Stimmt es, dass Diskriminierung und Gewalt gegen queere Menschen zunehmen? "Die offiziellen Statistiken haben mit der Realität nichts zu tun", sagt Glöggler. Ob oder wie stark die Anzahl der Gewalt- und Diskriminierungsfälle steige, wisse man nicht. "Nach meinem persönlichen Empfinden spaltet sich die Gesellschaft stärker auf. Die Queer-Community hat viel erreicht und generell vertreten die meisten die Ansicht, dass LGBTIQ* niemandem was wegnimmt, sondern ein Stück Realität und gesellschaftliche Vielfalt etwas per se Gutes ist."
Immer mehr Drohungen und Hass: Darum braucht es den queeren Aktionsplan
Gleichzeitig gebe es immer mehr Menschen, die sich schon aufregen, wenn etwas gegendert ausgesprochen wird.
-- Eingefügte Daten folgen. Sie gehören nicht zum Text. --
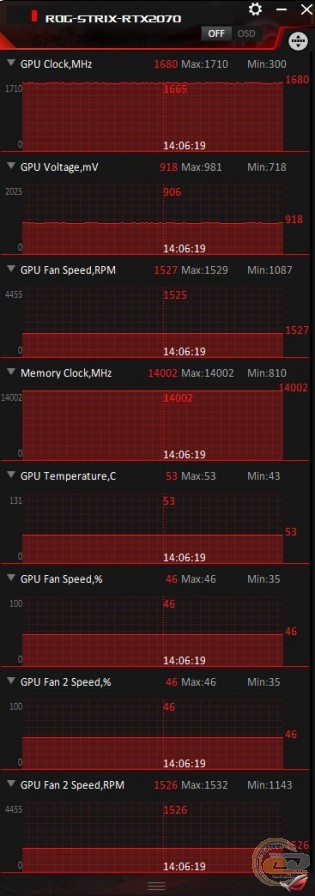 ASUS ROG STRIX GeForce RTX 2070 (ROG-STRIX-RTX2070-8G-GAMING)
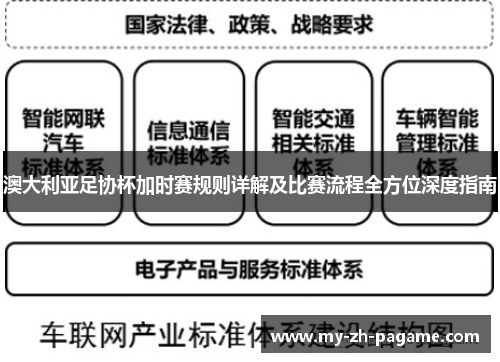 澳大利亚足协杯加时赛规则详解及比赛流程全方位深度指南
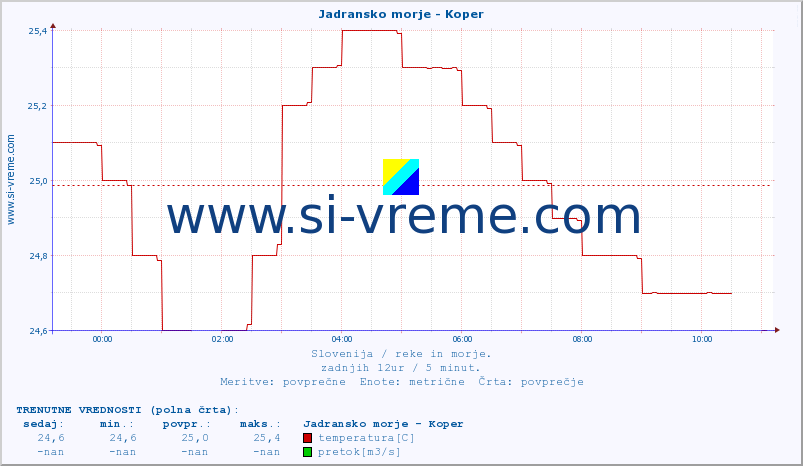 POVPREČJE :: Jadransko morje - Koper :: temperatura | pretok | višina :: zadnji dan / 5 minut.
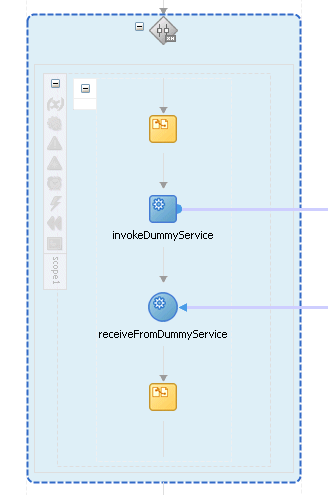 図9-16の説明が続きます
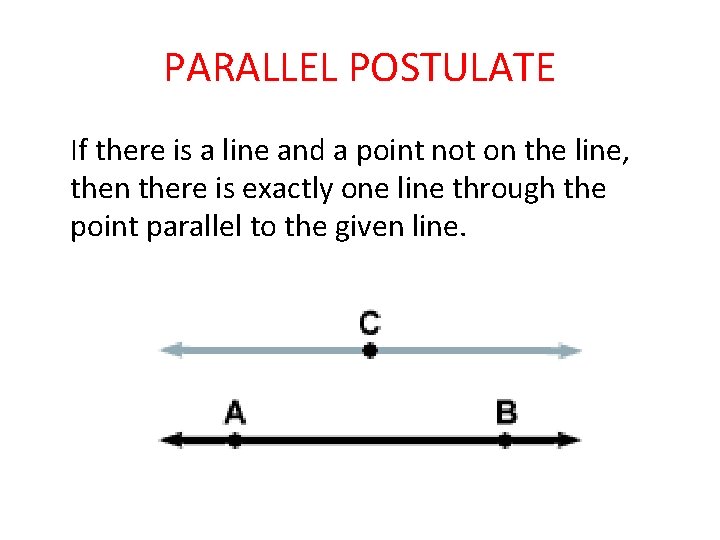 PARALLEL POSTULATE If there is a line and a point not on the line,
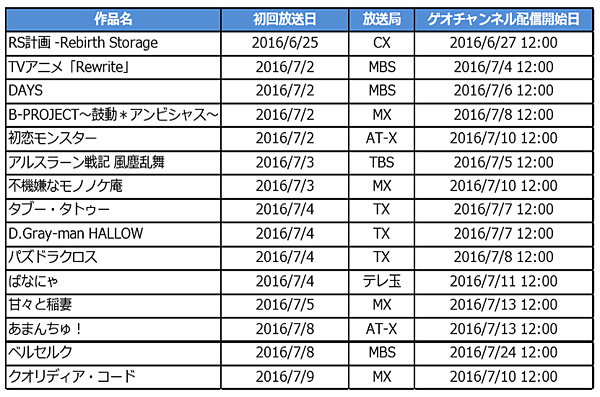 月額590円で見放題のゲオチャンネルが アニメ見逃し配信 拡充 最新アニメ15タイトルの配信スタート ネタとぴ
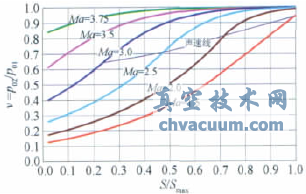 ͕_ʽL(fng){yOӋcԌ(sh)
Auch hasserfüllte Slogans und Drohungen seien wieder salonfähiger geworden. In der Beratung sehe man steigenden Bedarf.

Welche Art von Gewalt erfahren queere Menschen? "Abwertende Kommentare, verletzende Vorurteile und Beleidigungen", sagt Glöggler. Das reiche von unbeabsichtigten, dennoch aber verletzenden Unsensibilitäten bis hin zu übelsten Schimpfattacken und handfestem Mobbing.
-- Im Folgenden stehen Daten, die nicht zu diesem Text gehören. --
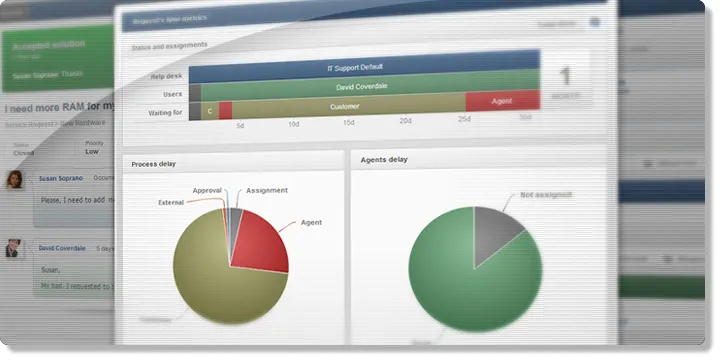 Captura InvGate Service Desk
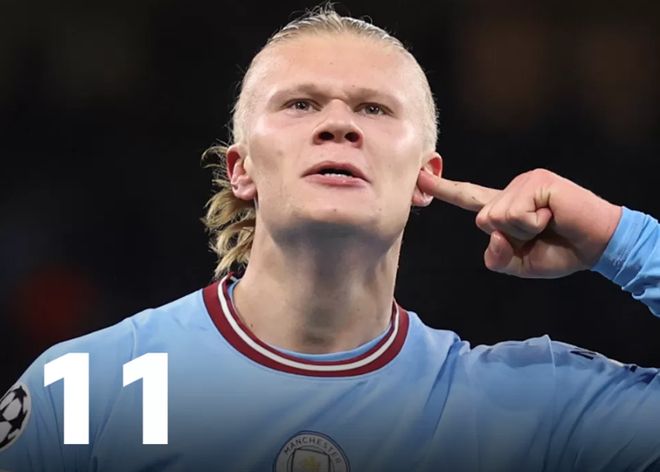 德转列土耳其球员历史身价榜：居莱尔9000万欧元高居第一（德转发布土耳其球员历史身价榜：居莱尔以9000万欧居首）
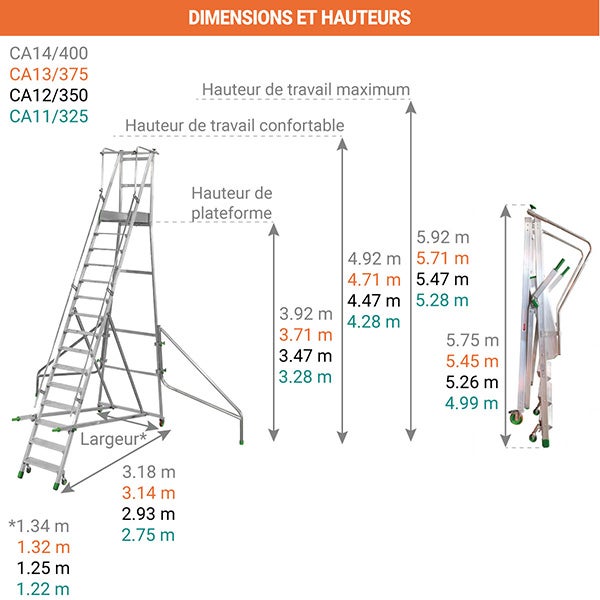 Escabeau roulant 16 marches - Hauteur max. de travail 5.47m - CA12/350 - 2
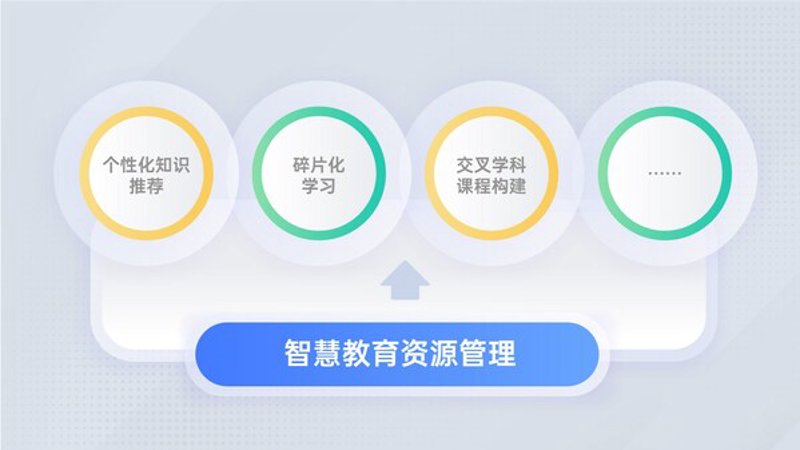 资讯百科——你的信息海洋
Queere Community: Warum Fremd-outing so gefährlich ist
Bei Drohungen sei das Fremd-outing eine besondere Gewaltform. Der Satz "Sonst sag ich, dass du schwul bist" könne je nach Lebenslage unangenehm bis gefährlich werden. Geflüchtete, die queer sind, leben oft in sehr heiklen Situationen.
"Natürlich gibt es auch Körperverletzungen und sexualisierte Gewalt. Nicht zu vergessen auch strukturelle Gewalt, zum Beispiel, dass sich gleichgeschlechtliche Elternpaare nach wie vor einem Begutachtungsverfahren unterziehen müssen, um offiziell gemeinsam Eltern zu sein", so Glöggler.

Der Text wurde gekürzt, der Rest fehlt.